In a move advocates hailed as a step towards healing and possible reparations, the resolution was adopted to applause by a vote of 123 in favor, three against and 52 abstentions.
The United States, Israel and Argentina opposed the measure, while Britain and EU member states abstained.
Ghana's President John Mahama, one of the African Union's most vocal supporters of slavery reparations, was at the United Nations headquarters in New York to support the vote.
"Today, we come together in solemn solidarity to affirm truth and pursue a route to healing and reparative justice. The adoption of this resolution serves as a safeguard against forgetting," said Mahama.
Despite being non-binding, the resolution goes beyond simple acknowledgment and asks nations involved in the slave trade to engage in restorative justice.

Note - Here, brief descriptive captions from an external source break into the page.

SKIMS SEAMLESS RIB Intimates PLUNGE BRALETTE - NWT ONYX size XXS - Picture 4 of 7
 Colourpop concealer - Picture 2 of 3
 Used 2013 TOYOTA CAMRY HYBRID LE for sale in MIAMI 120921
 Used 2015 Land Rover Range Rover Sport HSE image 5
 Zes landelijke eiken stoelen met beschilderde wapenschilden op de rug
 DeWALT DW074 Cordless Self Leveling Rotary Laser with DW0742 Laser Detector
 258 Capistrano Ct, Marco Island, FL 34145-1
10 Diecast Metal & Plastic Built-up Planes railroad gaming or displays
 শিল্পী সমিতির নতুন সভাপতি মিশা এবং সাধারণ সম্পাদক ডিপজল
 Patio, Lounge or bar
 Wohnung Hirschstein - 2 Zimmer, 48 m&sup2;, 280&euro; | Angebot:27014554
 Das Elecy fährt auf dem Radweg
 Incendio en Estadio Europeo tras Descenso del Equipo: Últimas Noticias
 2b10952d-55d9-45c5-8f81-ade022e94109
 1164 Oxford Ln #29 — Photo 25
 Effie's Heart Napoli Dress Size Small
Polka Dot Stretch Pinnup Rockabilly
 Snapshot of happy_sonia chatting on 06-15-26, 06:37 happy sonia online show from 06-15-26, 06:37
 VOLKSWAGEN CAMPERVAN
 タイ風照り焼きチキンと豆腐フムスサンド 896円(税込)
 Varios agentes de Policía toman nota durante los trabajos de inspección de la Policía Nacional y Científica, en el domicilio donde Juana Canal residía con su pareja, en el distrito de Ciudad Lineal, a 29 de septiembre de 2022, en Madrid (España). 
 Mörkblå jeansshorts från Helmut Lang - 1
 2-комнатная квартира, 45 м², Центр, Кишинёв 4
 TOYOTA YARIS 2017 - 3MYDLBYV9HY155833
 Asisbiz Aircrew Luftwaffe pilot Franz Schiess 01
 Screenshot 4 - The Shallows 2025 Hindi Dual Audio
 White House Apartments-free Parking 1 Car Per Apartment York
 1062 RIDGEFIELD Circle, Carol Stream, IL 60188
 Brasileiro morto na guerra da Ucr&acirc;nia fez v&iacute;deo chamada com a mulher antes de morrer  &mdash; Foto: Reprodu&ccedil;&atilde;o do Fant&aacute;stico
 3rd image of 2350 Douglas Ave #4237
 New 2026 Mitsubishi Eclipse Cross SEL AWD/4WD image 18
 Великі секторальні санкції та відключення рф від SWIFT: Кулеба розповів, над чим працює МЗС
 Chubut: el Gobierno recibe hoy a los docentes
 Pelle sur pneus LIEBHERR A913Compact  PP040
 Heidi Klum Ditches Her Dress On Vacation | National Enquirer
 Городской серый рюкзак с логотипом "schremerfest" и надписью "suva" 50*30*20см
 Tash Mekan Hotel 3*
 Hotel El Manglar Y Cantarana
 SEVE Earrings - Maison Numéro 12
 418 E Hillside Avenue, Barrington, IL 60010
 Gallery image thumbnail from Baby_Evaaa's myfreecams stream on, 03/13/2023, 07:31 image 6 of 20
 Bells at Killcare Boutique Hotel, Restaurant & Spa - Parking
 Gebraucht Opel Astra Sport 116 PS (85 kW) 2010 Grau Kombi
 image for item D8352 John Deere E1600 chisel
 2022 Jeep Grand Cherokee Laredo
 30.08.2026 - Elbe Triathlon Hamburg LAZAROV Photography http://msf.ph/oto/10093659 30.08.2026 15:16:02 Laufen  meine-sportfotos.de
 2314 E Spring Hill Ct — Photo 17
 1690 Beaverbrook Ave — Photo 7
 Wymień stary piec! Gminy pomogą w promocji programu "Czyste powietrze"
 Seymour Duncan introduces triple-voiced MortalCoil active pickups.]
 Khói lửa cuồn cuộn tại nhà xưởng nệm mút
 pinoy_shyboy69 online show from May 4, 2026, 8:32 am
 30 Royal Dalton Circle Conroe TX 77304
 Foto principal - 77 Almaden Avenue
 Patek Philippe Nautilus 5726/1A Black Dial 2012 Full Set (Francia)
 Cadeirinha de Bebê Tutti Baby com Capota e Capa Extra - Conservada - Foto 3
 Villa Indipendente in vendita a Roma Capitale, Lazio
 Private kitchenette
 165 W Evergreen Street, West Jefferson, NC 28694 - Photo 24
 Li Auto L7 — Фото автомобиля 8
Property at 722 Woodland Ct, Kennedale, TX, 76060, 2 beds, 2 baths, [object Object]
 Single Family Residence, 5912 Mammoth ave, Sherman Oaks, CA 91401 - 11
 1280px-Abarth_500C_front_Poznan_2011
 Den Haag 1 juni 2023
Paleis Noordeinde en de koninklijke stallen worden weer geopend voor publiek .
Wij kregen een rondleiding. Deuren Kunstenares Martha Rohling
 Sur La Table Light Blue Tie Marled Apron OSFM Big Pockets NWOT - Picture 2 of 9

It also highlights the legacy of slavery via "the persistence of racial discrimination and neo-colonialism" in today's society.
"The transatlantic slave trade was a crime against humanity that struck at the core of personhood, broke up families, and devastated communities," UN Secretary-General Antonio Guterres said.
"To justify the unjustifiable, slavery's proponents and beneficiaries constructed a racist ideology -- turning prejudice into a pseudoscience."
- 'Hierarchy' of tragedies -
The United States called the text "highly problematic."
"The United States also does not recognize a legal right to reparations for historical wrongs that were not illegal under international law at the time they occurred," said US ambassador Dan Negrea.
"The United States also strongly objects to the resolution's attempt to rank crimes against humanity in any type of hierarchy," he added.
Britain and EU countries advanced similar arguments while acknowledging the wrongs of slavery.
The resolution "risks pitting historical tragedies against each other that should not be compared, except at the expense of the memory of the victims," said French representative Sylvain Fournel.
Ghanaian Foreign Minister Samuel Okudzeto Ablakwa on Tuesday dismissed criticism that the text sought to rank human suffering.
He also alleged that some nations had refused to acknowledge their crimes.
"The perpetrators of the transatlantic slave trade are known, the Europeans, the United States of America. We expect all of them to formally apologize to Africa and to all people of African descent," he told AFP.
One pathway toward restorative justice, he said, is that "all the looted artifacts are returned to the motherland."
He also suggested that institutions continue to address structural racism and that "compensation" could be offered to those affected.